THE DATA:

*** Begin section ***

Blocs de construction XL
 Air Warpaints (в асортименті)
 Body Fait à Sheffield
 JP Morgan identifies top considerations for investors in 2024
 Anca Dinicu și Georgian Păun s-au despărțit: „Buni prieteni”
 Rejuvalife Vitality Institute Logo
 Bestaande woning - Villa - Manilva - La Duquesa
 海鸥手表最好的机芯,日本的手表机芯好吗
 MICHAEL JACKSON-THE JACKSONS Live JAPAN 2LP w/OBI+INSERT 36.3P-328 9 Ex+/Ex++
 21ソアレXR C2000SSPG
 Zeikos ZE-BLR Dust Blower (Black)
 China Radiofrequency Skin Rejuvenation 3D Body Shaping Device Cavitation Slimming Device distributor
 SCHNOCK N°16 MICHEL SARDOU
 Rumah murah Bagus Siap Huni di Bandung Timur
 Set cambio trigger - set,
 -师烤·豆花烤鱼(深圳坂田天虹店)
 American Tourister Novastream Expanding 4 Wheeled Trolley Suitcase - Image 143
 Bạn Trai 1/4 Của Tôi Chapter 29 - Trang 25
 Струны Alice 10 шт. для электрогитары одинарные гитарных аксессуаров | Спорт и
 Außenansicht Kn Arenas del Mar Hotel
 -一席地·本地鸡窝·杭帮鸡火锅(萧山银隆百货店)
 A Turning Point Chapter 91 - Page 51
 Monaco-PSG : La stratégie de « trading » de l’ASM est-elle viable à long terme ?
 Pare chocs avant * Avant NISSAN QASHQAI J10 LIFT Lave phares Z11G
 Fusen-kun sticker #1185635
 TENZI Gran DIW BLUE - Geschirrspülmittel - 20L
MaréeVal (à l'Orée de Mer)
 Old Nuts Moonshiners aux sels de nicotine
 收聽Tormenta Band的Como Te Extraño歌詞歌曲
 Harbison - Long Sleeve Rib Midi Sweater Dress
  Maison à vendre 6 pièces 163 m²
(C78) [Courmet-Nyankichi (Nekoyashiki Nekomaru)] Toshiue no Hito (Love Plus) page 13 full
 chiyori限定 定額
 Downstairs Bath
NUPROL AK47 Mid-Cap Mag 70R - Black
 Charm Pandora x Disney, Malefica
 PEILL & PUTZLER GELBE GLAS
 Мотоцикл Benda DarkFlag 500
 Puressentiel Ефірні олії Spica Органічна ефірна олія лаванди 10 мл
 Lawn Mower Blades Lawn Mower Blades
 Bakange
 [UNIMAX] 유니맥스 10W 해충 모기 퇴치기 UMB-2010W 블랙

*** End section ***

TASK TO CARRY OUT: From the opening line of the data above through the line holding "海鸥手表最好的机芯,日本的手表机芯好吗", give every line again exactly as it stands.

RESULT OF THIS EXERCISE:
Blocs de construction XL
 Air Warpaints (в асортименті)
 Body Fait à Sheffield
 JP Morgan identifies top considerations for investors in 2024
 Anca Dinicu și Georgian Păun s-au despărțit: „Buni prieteni”
 Rejuvalife Vitality Institute Logo
 Bestaande woning - Villa - Manilva - La Duquesa
 海鸥手表最好的机芯,日本的手表机芯好吗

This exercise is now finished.